[Opening Dataset extract section]

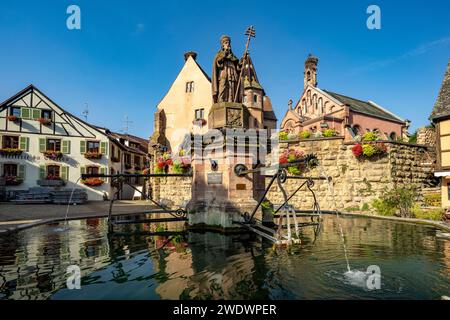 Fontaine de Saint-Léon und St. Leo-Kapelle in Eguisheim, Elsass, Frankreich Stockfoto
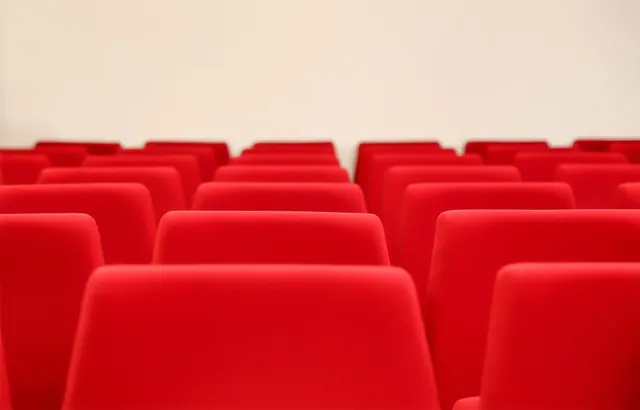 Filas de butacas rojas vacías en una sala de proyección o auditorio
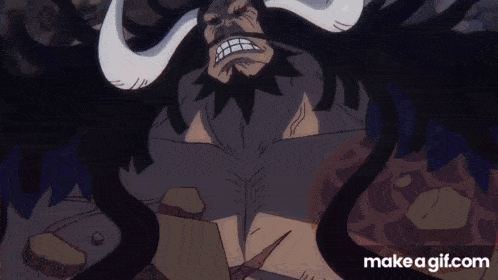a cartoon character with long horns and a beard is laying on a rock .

[Closing Dataset extract section]

### Your task
Only the lines from the line holding "Filas de butacas" through the last line above belong in the answer, repeated exactly; the pictures do not.

### Task answer
 Filas de butacas rojas vacías en una sala de proyección o auditorio
a cartoon character with long horns and a beard is laying on a rock .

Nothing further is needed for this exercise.